Feeding Crows for the Shradh - Gastro Obscura

Feeding Crows for the Shradh

In this Hindu ritual, families feed crows who represent deceased relatives.

There are no crows to be seen. It is noon, and the sun is high in the sky in Chennai, India; two women carry a veritable feast in their arms eager to feed the crows, but there are none. “Caw, caw,” one woman mumbles, calling to the birds. When none respond, they take the banana leaf containing their feast—sugar-flecked kalkand rice, plain rice smothered in sambhar, yogurt, green gram dal, rice soaked in rasam, savory doughnuts called vadai, plantain chips, and semolina payasam—into the car. They wind their windows down and squint outside at treetops and at the sky, willing one crow to appear. Just one.

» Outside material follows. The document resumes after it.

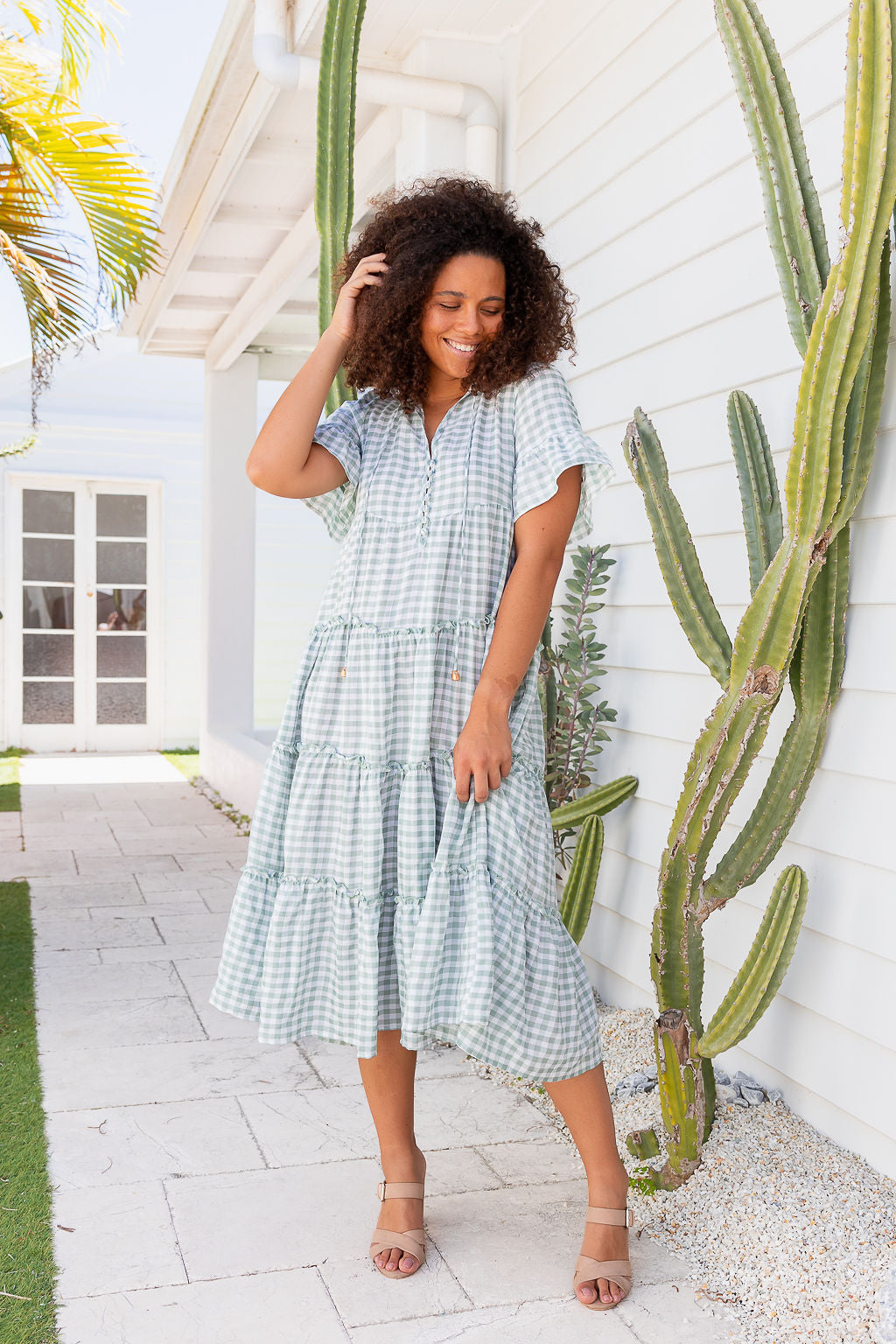 Elyse Dress - Olive Green Gingham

This is part of a Hindu ritual known as shradh, an annual rite conducted on a day known as the tithi, or the anniversary of a loved one’s death, calculated according to astrology and the Vedic calendar. Hindus believe that crows are the link between the worlds of the living and the dead; ancestors, it is said, visit the living in the form of a crow. Every year following a loved one’s death, the family cooks a feast filled with all of their relative’s favorite foods. Each of them take turns to ladle the feast onto a banana leaf until they have all served something, and then the leaf is carefully carried outside. But sometimes, there are no crows, and that’s when a family must drive around looking for them. (Feeding a crow is considered auspicious and is practiced on all sorts of occasions, tied to all sorts of rituals.)

The shradh has concluded when a crow pecks at the feast and begins to eat. This signifies that the soul of the loved one is now satiated and is at peace.